John T: I agree that the December 25 date is not Scripturally sound. However it was the result of a probably erroroneous attempt to derive the date from clues in Scripture and Jewish records. The Gospel of Luke links Christ’s birth to John the Baptist’s, and John’s priestly father is mentioned as entering the sanctuary around the time of his conception, something that would only be done on certain high holy days. This is how the December date was derived, and yes, it was probably wrong and also probably tweaked a bit to fall on the Roman solar feast.
You mention gift giving– but that was not associated with Christmas originally, but rather with St Nicholas, whose feast day is Dec 6. The shift to Christmas occured in much later times.

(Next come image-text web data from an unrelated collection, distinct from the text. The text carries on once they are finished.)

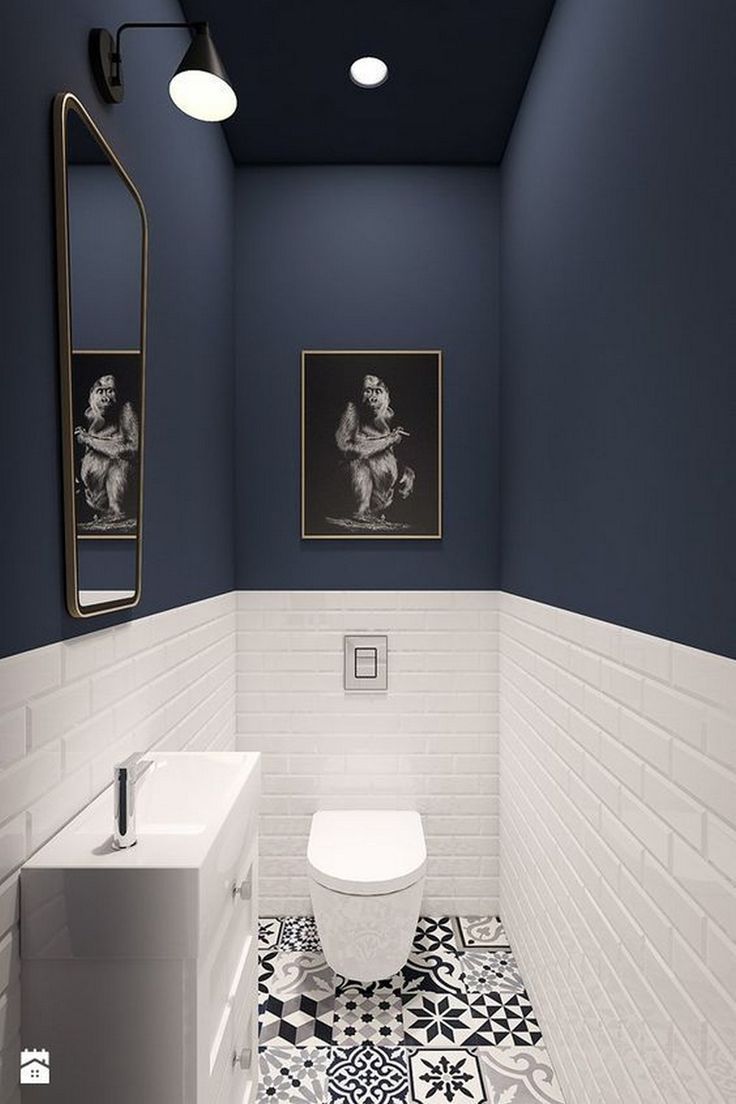 Chic Cafe Bathroom Design: A Cozy Fusion of Deep Blue and White with Artistic Accents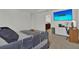 Inviting bedroom featuring a comfortable bed, desk area, and modern décor at 17019 Seville Orange Rd, Winter Garden, FL 34787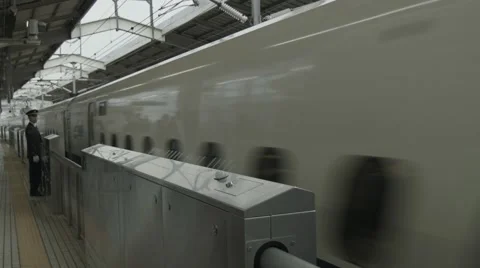 High-speed bullet train passing by railway station Stock Footage 51700010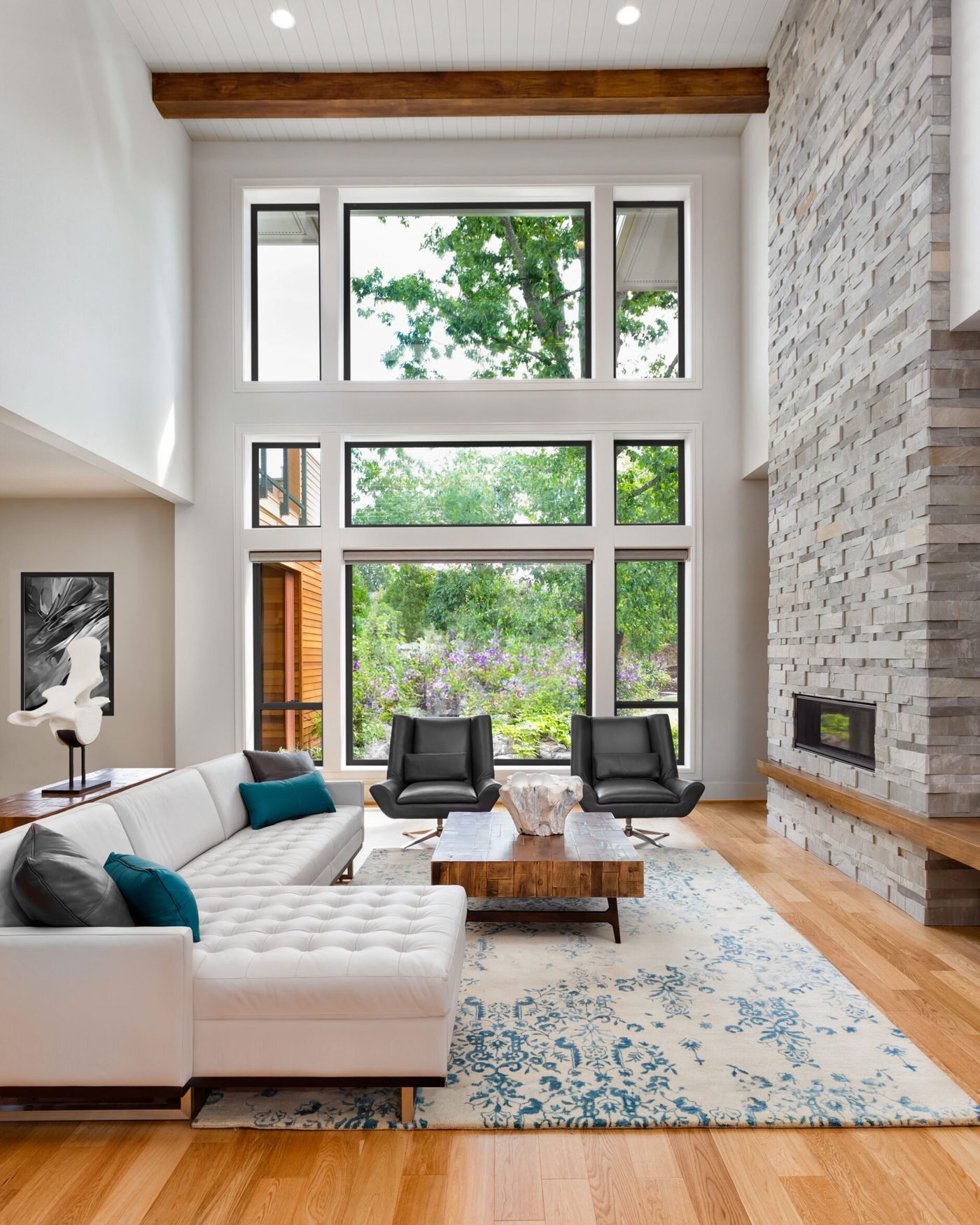 A double height living room walled in black framed windows looking onto trees, beside a stacked stone fireplace, under a timber ceiling beam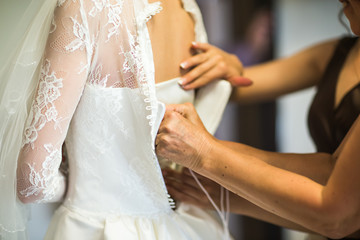 Obraz na płótnie Canvas Brides maid helps bride in wedding dress 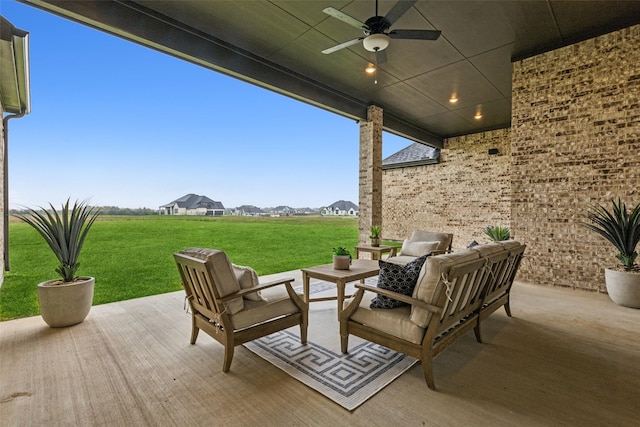 view of patio featuring ceiling fan and an outdoor living space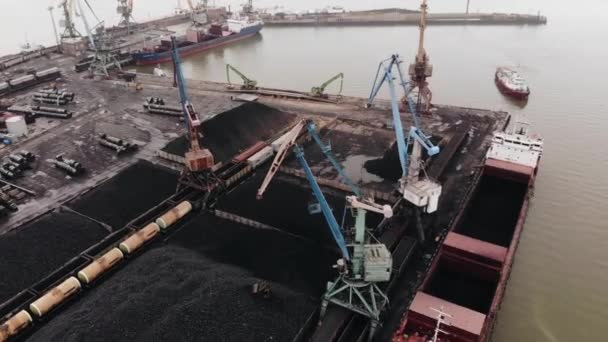 Вид зверху на завантаження вугілля баштовими кранами в танкери на території морського порту і плавучі кораблі в бухті — стокове відео
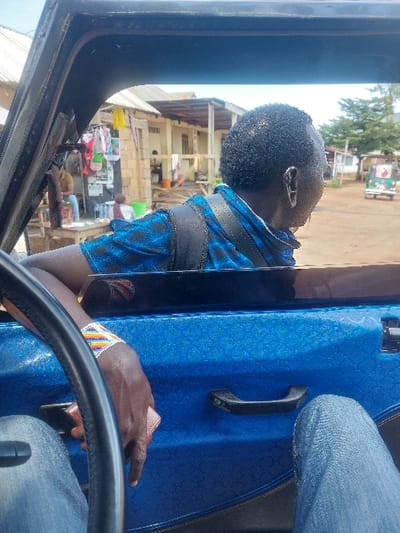 The image depicts a street scene in Kimamba, Tanzania, viewed from inside a vehicle. The interior of the vehicle is predominantly blue with a textured finish, featuring a black steering wheel on the left and a black door handle. The driver's dark-skinned left arm, adorned with a multi-colored beaded bracelet (white, yellow, orange, red, blue, green), rests on the steering wheel while holding a small, light brown rectangular object. The driver's denim-clad legs are partially visible in the lower foreground.
Seated to the driver's right, a second individual, with dark skin and short, dark hair, is seen from behind, looking out the window to the right. This person wears a blue patterned short-sleeved shirt and a dark strap, possibly from a backpack, crosses their shoulder. An earring is visible on their right ear.
The exterior scene reveals an unpaved street or open area. On the left, a rudimentary shop or stall is visible, displaying various items, including clothing hanging from a structure. A person wearing a light shirt and blue jeans is seated at a table near this stall. Further back, another individual in a light-colored top is present near green containers. Buildings of simple construction, some with corrugated metal roofs, line the street. One building features a small porch with wooden supports. In the distant background to the right, a light-colored, small three-wheeled vehicle, possibly a tuk-tuk, is parked or in motion. Sparse trees and vegetation are visible under a clear or hazy sky.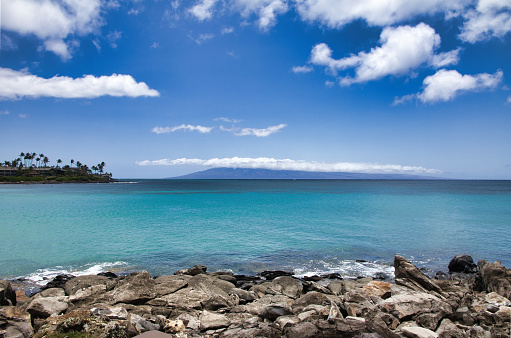 View of beautiful ocean and distant lanai from the shore of Napili Bay.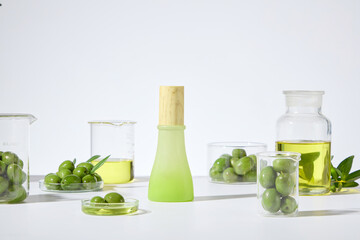 Several lab glassware scattered arranged on white table, an unlabeled green cosmetic bottle with wooden cork. Front view shot on white background, mockup for advertising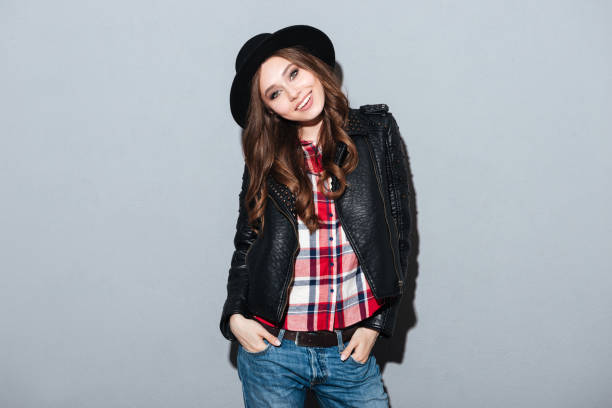 istock Happy young lady standing over grey background 1365120304
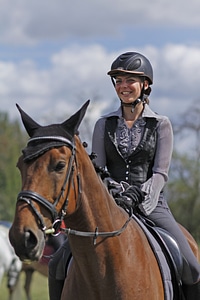 Cheerful ride equestrian photo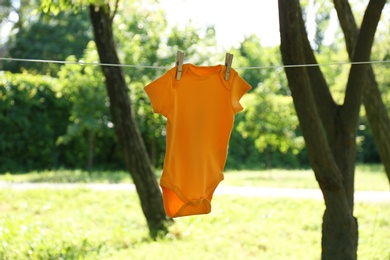 Photo of Color baby onesie hanging on clothes line outside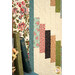 A close up on the left side of the quilt, demonstrating fabric, piecing, border, and binding details. Books with covers in coordinating colors peek into frame from the left side.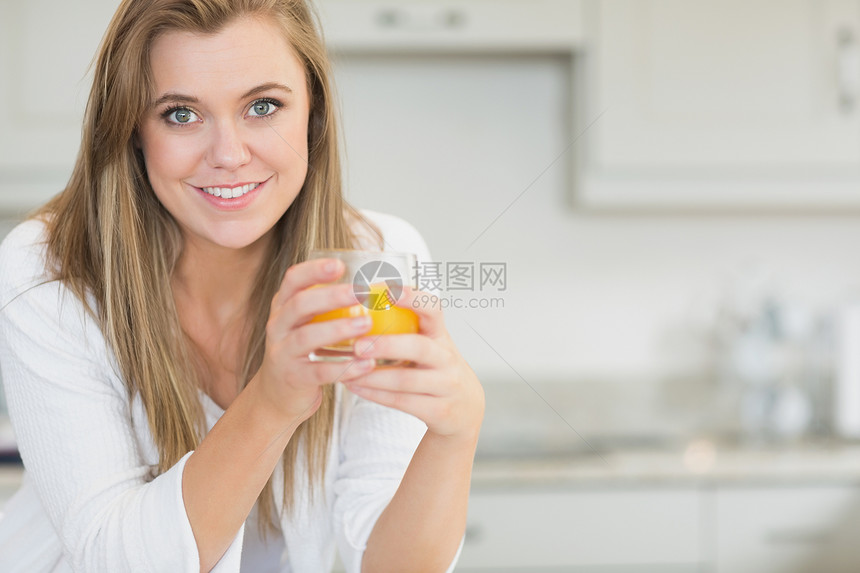 女人拿着橙汁玻璃浅色台面头发快乐金发房子睡衣家庭女性图片
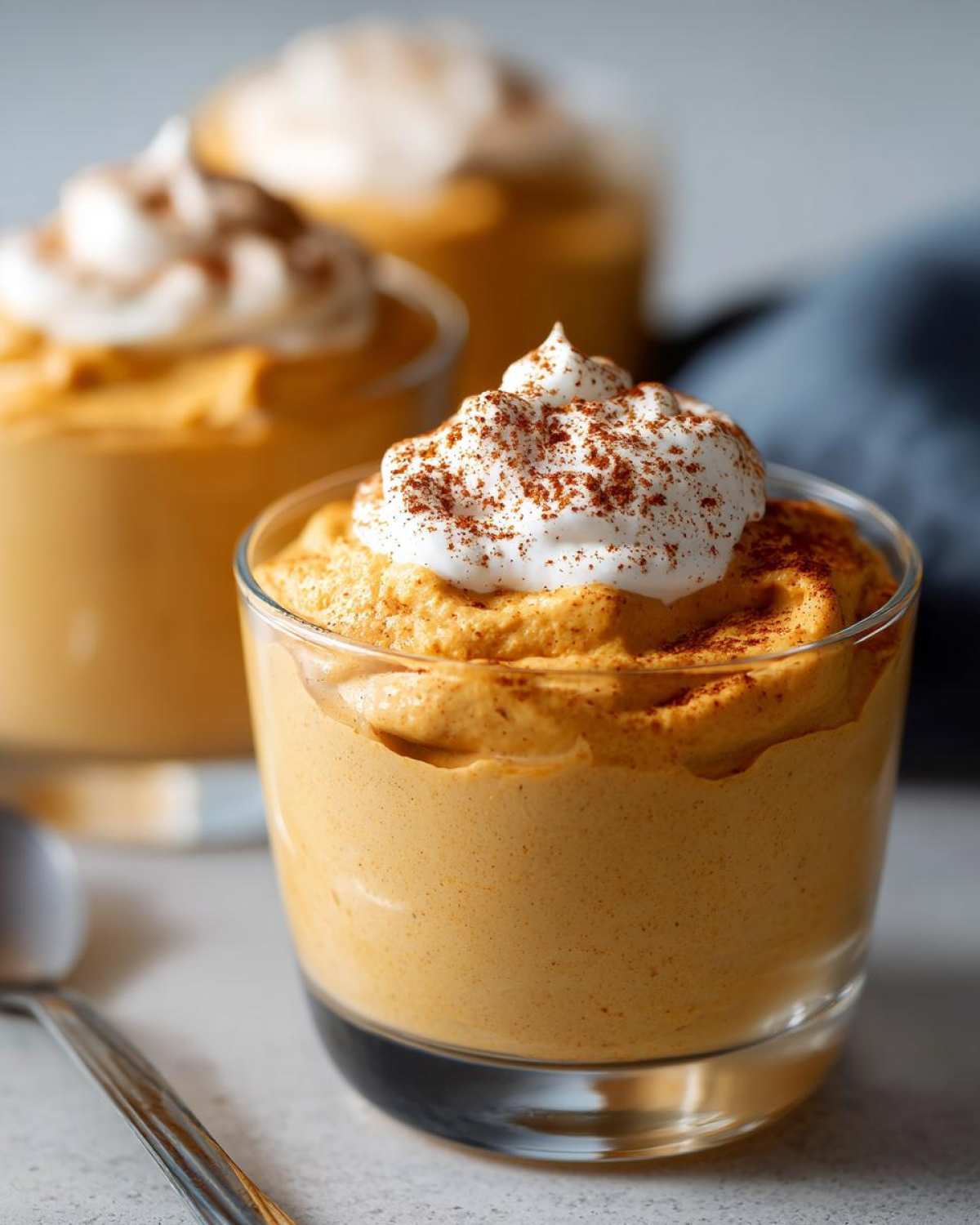 Close-up of a glass of creamy pumpkin mousse topped with whipped cream and cinnamon.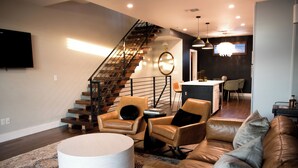 A modern living room with a staircase, leather furniture, and a round ottoman. - Private Rooftop Skyline Views - Walk To Pearl (San Antonio)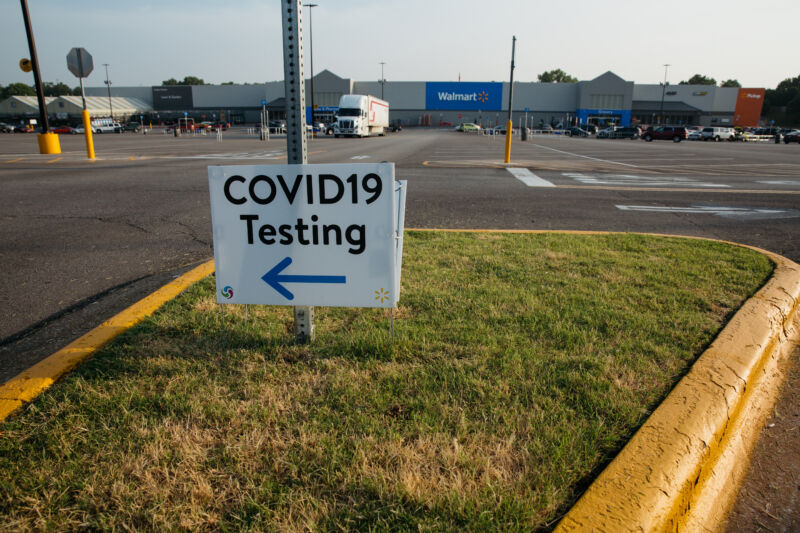 A plastic sign is attached to a pole in a parking lot.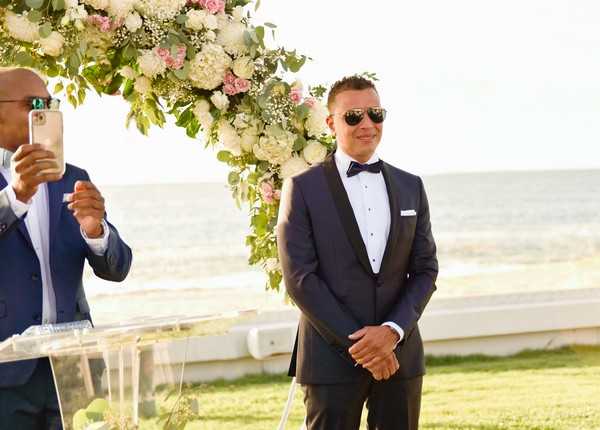 The groom stands at the altar during an outdoor ceremony, wearing a navy tuxedo with black shawl lapels, a white pocket square, and a dark bow tie, with aviator sunglasses. He is positioned in front of a floral arch decorated with white hydrangeas, blush pink roses, baby's breath, and green eucalyptus foliage. The ceremony takes place on a lawn directly overlooking the sea, visible in the background. To the left, a guest in a navy suit photographs the moment on a smartphone beside a clear acrylic lectern. Medium portrait shot.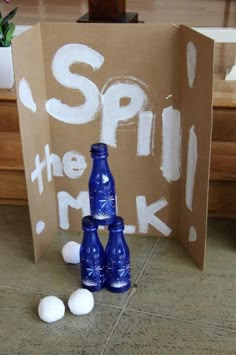 two blue bottles sitting next to each other in front of a cardboard box that says spin the milk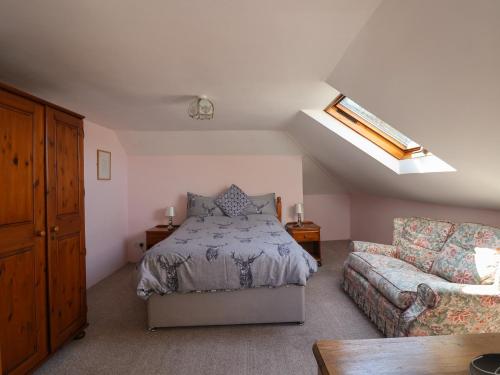 ein Schlafzimmer mit einem Bett und einer Couch in der Unterkunft Spring Cottage in Lynton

There’s still an old country Orthodox custom of sticking money or sweets in children’s shoes on St Nicholas Day. And yes, in some places gift-giving was done on the Epiphany (Jan 6), where that day was celebrated as the Visitation of the Magi.
Re: How do you explain the egg and rabbitt which clearly are pagan symbols
They are much later accretions, not original Paschal customs. There’s Christian accounts of them too: the egg harks back to a reported miracle of Mary Magdalen before the emperor Tiberius, when he flippantly told her to turn his hard-boiled breakfast egg red with her prayers– and she did. (Orthodox churches still give out red eggs on Easter) The rabbit is really a hare, which was imaged in medieval bestiaries as an animal archtype of Christ, because it supposedly sacrifices its life to save its young when a predator attacks. But again these are later additions, and you can hardly build ay sort of critique of the holiday based on minor folk customs. Astarte by the way was an old Phoenician goddess whose worship was no longer in vogue by Christian times (Isis and Kybele being the main Mother goddesses of the Roman Empire).
Re: After Constantine, Christianity was recast and refashioned to become the universal or catholic religion of the empire
What about Christianity outside the Roman Empire? There were Christians in Persia and India. Christianity became the dominant and official religion in Armenia and Ethiopia too. Did Constantine somehow exert magical powers over those Christians too? He certainly had to no political power in such distant places. And if you examine those non-Roman Christianities, there are differences, yes (including some plenty of alternate folk customs) but they are pretty similar to early Catholicism and especially Orthodoxy.